Would you transcribe the listing exactly as it stands, minus any images?

STORED DATA below:

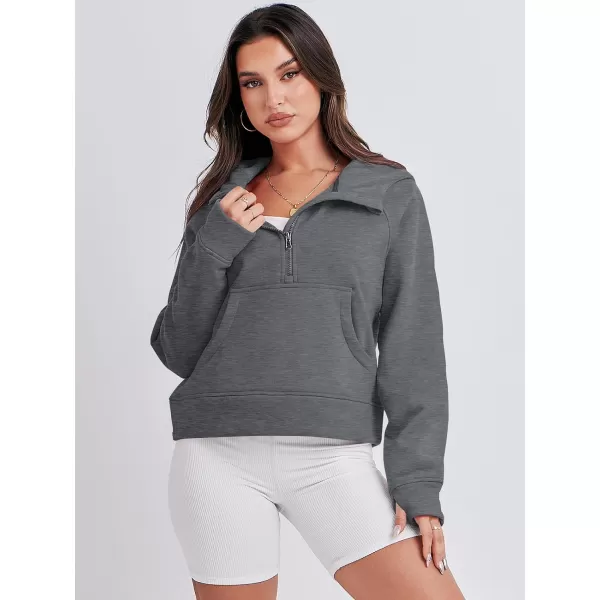 Caracilia Half Zip Sweatshirts Cropped Hoodies Fleece Quarter Zip Up Pullover Top Sweater Fall Outfits 2023 Winter Clothes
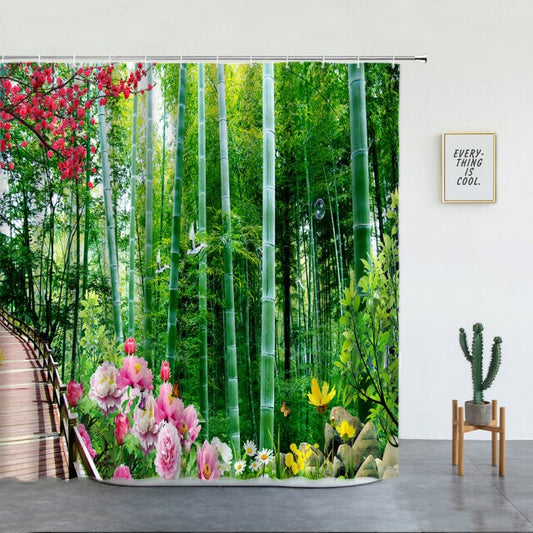 Wooden Woodland Walkway Garden Shower Curtain - Clover Online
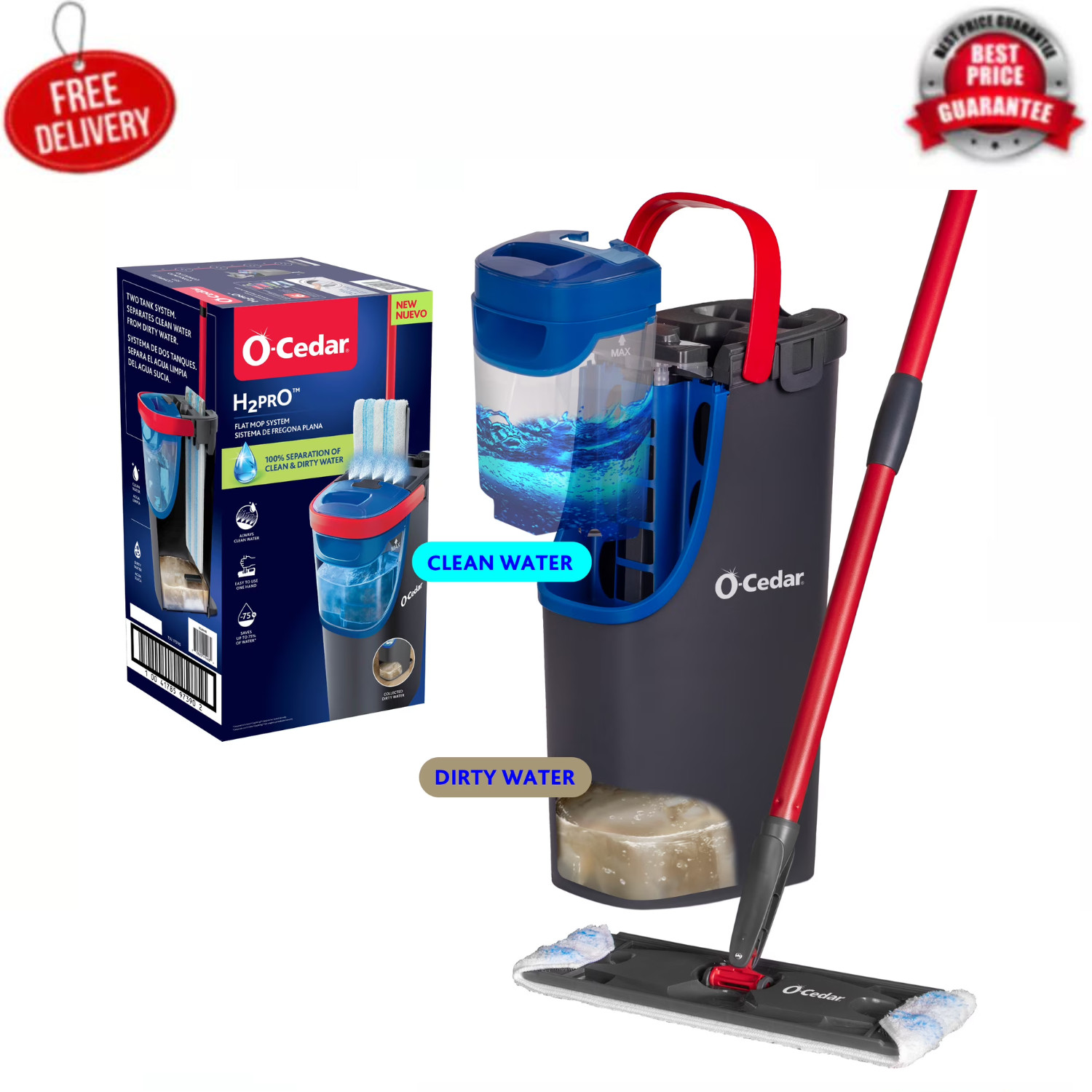 O-Cedar H2prO™ Flat Mop System gallery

End of STORED DATA.

ANSWER:
 Caracilia Half Zip Sweatshirts Cropped Hoodies Fleece Quarter Zip Up Pullover Top Sweater Fall Outfits 2023 Winter Clothes
 Wooden Woodland Walkway Garden Shower Curtain - Clover Online
 O-Cedar H2prO™ Flat Mop System gallery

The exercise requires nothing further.